The only conclusion that I can draw is that while most can agree that the right direction in one with positive growth, there is a finite number of people who just don't seem to care where the nation is heading, as long as Dancing With The Stars is on.
Monday, May 5, 2008
The text of the AP article can be found here:
TORONTO (AP)—White Sox manager Ozzie Guillen had his own Lee Elia moment, letting forth a stream of obscenities in which he accused Chicago fans of turning on the struggling team after a strong start.
During his rant before Sunday's game against Toronto, Guillen said the White Sox are not sufficiently appreciated in their city despite winning the 2005 World Series.
He bemoaned the fact that the Cubs are considered the "best" in Chicago even though they haven't won a World Series since 1908, dropping F-bombs along the way. He fears his team will never get respect "no matter how many World Series we win."
Guillen also mocked the 25th anniversary of the rant by Elia, the former Cubs manager. Guillen predicted his own tirades will one day be equally legendary, and maybe lucrative.
"How many times do I curse people out? I will make a lot of money. … I have to keep going because in the future Ozzie will need money," he said.
The White Sox, who lost 4-3 Sunday, have dropped eight of 11 and fallen out of first place in the AL Central. At 14-15, the White Sox are below .500 for the first time since they started the season 1-2.
"People are panicking," Guillen said. "Did we play a real bad week? Yes, we did. We stunk. But it wasn't too long ago that we were the biggest surprise in baseball. Wow, look at the White Sox."

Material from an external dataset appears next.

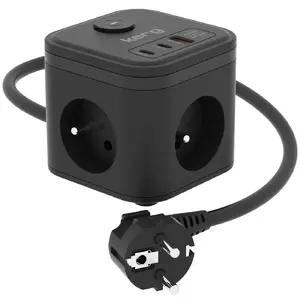 Power strip Kerg SMART – 3 AC outlets Type F with 3 USB (2×A + 1×C), 1.5 m cable, 16A 230V, black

Chicago has scored just nine runs in its past five games and its .232 batting average is the AL's lowest.In retort: Ozzie, the reason the White Sox don't get respect is because they currently don't deserve it. You've provided readers with the primary example that their manager spews obscenities and is quick to blame anyone but himself. It's also very hard to watch your team struggle to bat above the Mendoza line. Face it, the Marlins won two world series and they don't get respect either, but at least their team hits above .232 and managers Joe Girardi and Fredi Gonzalez have led a bunch of scrubs (sans Hanley Ramirez and ex-3b Miggy Cabrera) to victory. Have you ever stopped swearing to think that some of this might be your own fault? You said it yourself, you stunk last week. If you dare surprise Chicago fans by finishing atop the AL Central again, then expect more people to give you the appreciation (and shock) you deserve. Look at the 2008 major league payrolls, sir:
Chicago Sox (5th MLB): $121,152,667 (14-15)
Florida Marlins (30th MLB): $21,836,500 (17-14)
Nope, no typo there. The White Sox are paying approx. $100,000,000.00 (or 6x) more for their players this year than the team who has Cody Ross starting in CF and Mike Rabelo behind the dish. I just don't hear Rodney Dangerfield yelling from their dugout.
Sure, the Cubs have been losing lately too, a phenomenon nothing new to their fans. Yet, Cubs fans are filled with enough youthful exuberance (booze) and liquid courage (more booze) to face any gaunt prospects with prowess (and numbness). The Cubs will always have their goat, but you don't have to turn their fans or media attention into your personal scapegoat.
In short, focus on managing and let your bats speak. Bats neither swear nor speak will poor broken English. Maybe then you'll get some respect.
postscript: This is the same manager who was forced to apologize publicly in 2006 for calling Chicago sporst columnist Jay Mariotti a "F*cking Fag", And that's really not cool at all. If you want respect you'll have to earn it Ozzie.